With recyclicity driving the design, the house has strong local roots—exactly like the couple who commissioned it. Knol was born here, and Blans fell in love with the city more than 40 years ago, in her 20s. But for a quarter of a century, work had taken them away to the Hague. "We wanted to comeback to grow old here," says Knol. "It feels like coming home to both of us."

The couple, who have been married for 27 years, certainly lost no time in personalizing the interior—without, one senses, the total approval of the architects. "It took Jan and Jeroen a while to get used to the idea that we weren't going to fill the place with modern furniture," says Blans, sitting in the light-filled white living room. Around her an eclectic range of objects jostles for attention: a well-preserved Louis XVI console, an inflatable plastic armchair, an early-20th-century Amsterdam school table that once belonged to her grandmother, and many other idiosyncratic forms. "They're old pieces, things we're looking after," she says. The couple's belongings attest to a family culture of careful preservation and use—an approach that, despite the stylistic differences, is actually close to the architects' heart. "We introduced the concept of reuse structurally, yet it's already part of the lives of the clients," says Jongert.

Blans is also a voracious collector of modern art, and part of the couple's brief to the architects was "to have wide, tall walls for showing pictures," she says. A purpose-built art storage room was another requirement (it's tucked neatly away at the house's core), as was a recycled builders' elevator, essential for moving larger pieces. While the ground floor of the house is essentially one big space, it is organized into public and private areas—another request from Blans, who wanted "to have an area in which I can make as much mess as I like and that people only see if I invite them to see it." The raised private area begins with the kitchen, which is divided from the public area by its height and screened by a ceiling-high display cabinet housing a collection of ceramic, glass, and metal objects ranging from a Sudanese pot to a pair of penguins.

The recycling continues in the interior fixtures, where old billboards have been used for the kitchen cabinetry; they reveal their former nature through "now you see it, now you don't" expanses of colorful graphics when the drawers are opened.
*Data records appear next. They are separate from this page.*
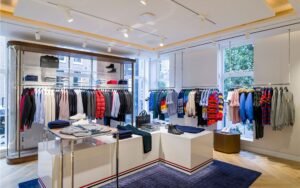 Thiết kế nội thất showroom thời trang quần áo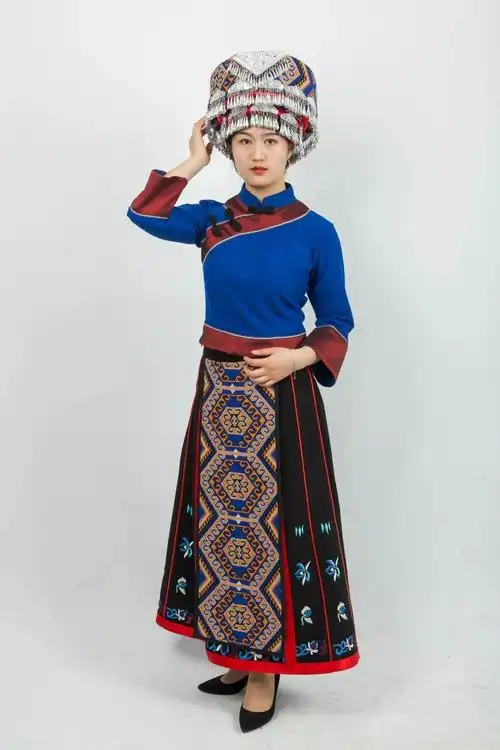 摘一道彩霞绣花鞋,"多彩土家·魅力长阳"全国土家族服饰文化展开幕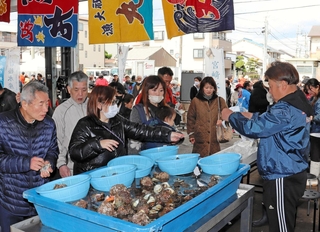 新鮮なサザエを買い求める親子連れら＝駒ケ林魚市場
Old umbrellas have been cannibalized to make delicately wiry halogen lamps. Harvesting these materials was an equally inventive process: The architects leafleted a neighborhood in Utrecht, asking locals to drop off their broken umbrellas at a colleague's apartment. Playful touches like this humanize the house, softening its uncompromising modernist proportions and die-hard environmental credentials. "You do and you don't recognize the reused parts," explains Jongert. "It's simultaneous recognition and estrangement—which is what gives rise to beauty, and humor."

Aesthetic considerations were important to both clients and architects, and not always easy to achieve: "The biggest challenge of the project was to feet all the suppliers and contractors to understand that they were working  on a project that would have to look really great in the end," says Jongert. "In the beginning, I think everyone tended to think—not having worked on a project like this before—that it would end up looking like scrap. They were surprised when the outcome was something that looks this good." There's a certain serendipity that takes over, he thinks, when you source local leftovers to create something new: "Unexpected occurrences shaped this house," he says. "For example, finding the builders' elevator encouraged us to reorganize the routing on both floors, and a mis-measured window eventually became the skylight."

There's a fitting symbolism in recycling Enschede's junk to create a new house. The plot on which Villa Welpeloo stands was laid waste by a huge firework factory disaster ten years ago; the region's history is commemorated in a poem by Dutch writer Willem Wilmink etched into the glass by the house's main entrance. "If you'd seen how this area looked after the firework disaster, you wouldn't believe it," says Blans. "Our house really is part of a new beginning." Indeed: Out of the ashes, a new model for architecture has emerged.